According to the developer (the plaintiff), progress was made despite these constraints, with infrastructure installed at its own cost.
“The Plaintiffs undertook and completed engineering services… at a value of approximately R74,391,435.00,” the summons reads.
Developer ‘played his part’
The developer completed installations totalling R74.3-million, including pipe jacking underneath the railway line for electricity access totalling R6.9-million, pipe jacking underneath the railway line for bulk sewer access totalling R6.9-million, and link roads and stormwater works of 16 metres to 20 metres wide on Montrose Extension 3 and 4 totalling R48 262 500.
Additions included an electrical bulk line from Mohlakeng to Montrose Substation totalling R2 087 250; electrical bulk line professional fees totalling R2 543 014.95; and a bulk water connection to the Montrose Project totalling R7 698 838.81.

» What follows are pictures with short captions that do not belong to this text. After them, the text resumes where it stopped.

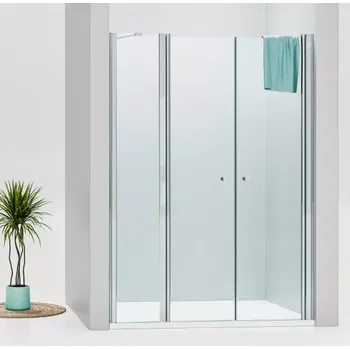 Sprchové dveře WellMall BETA LINE Chrom 100 Čiré Sprchové dveře dvoukřídlé s pevnou stěnou v rovině (70+30), skladem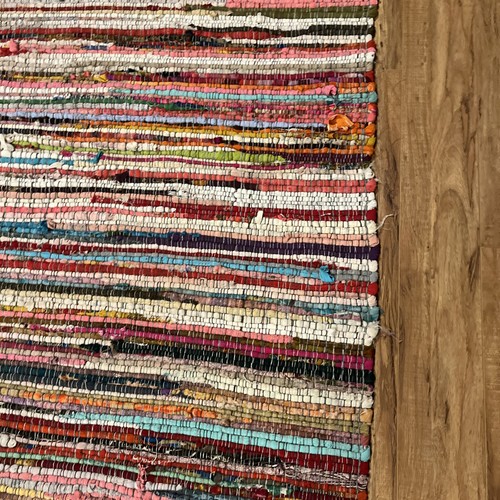 BOHO Rag Colorful Rug Chindi Rug Multi Color Rug 5'x4' 65"x48" Fabric - Picture 3 of 6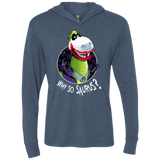 T-Shirts Indigo / X-Small Why So Saurus Triblend Long Sleeve Hoodie Tee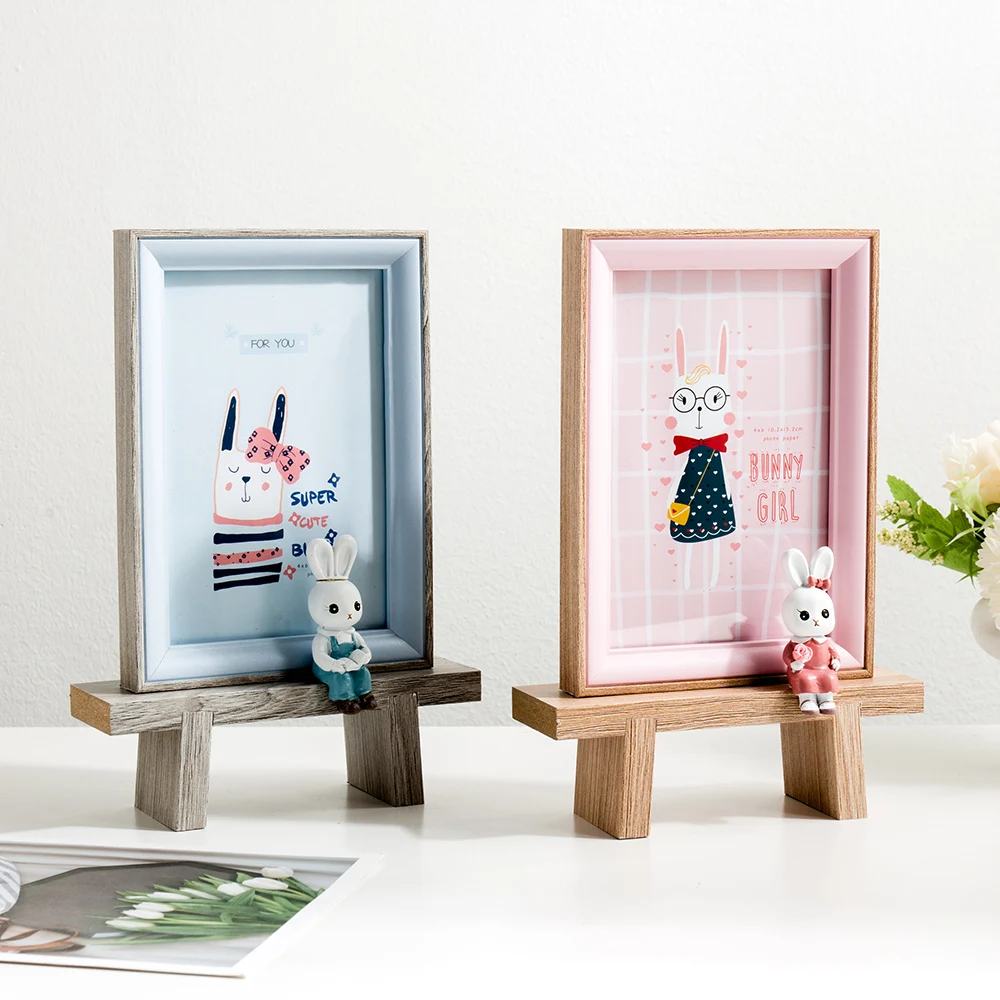 Милая мультяшная деревянная фоторамка с изображением кролика модель 6 дюймов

Municipality pulls the plug
Regarding the damages suffered, the summons states: “The plaintiff has suffered damages arising from the termination of the agreement and, more particularly, the loss of profit that the plaintiff would have made on the development of 759 municipal-serviced stands under the Montrose City Mega Development in the sum of R90-million, which is calculated at 20% of the total development costs for the stands of R455-million.”
The turning point, according to the court papers, came when the municipality acknowledged it could not meet its financial obligations. “On or about 10 March 2022, the first defendant advised that it did not have the financial resources to fund the bulk services,” the summons states.
DBSA raises hopes
In response, a funding mechanism was pursued through the Development Bank of Southern Africa (DBSA), with a third party appointed to raise capital. “The Second Plaintiff was appointed… to source funding for the bulk infrastructure on behalf of the first defendant,” the papers state.
The developer says the process initially progressed, with DBSA acknowledging applications and moving the project forward. “DBSA confirmed receipt of the funding application of R228-million and later approved the project to proceed to due diligence,” the summons states.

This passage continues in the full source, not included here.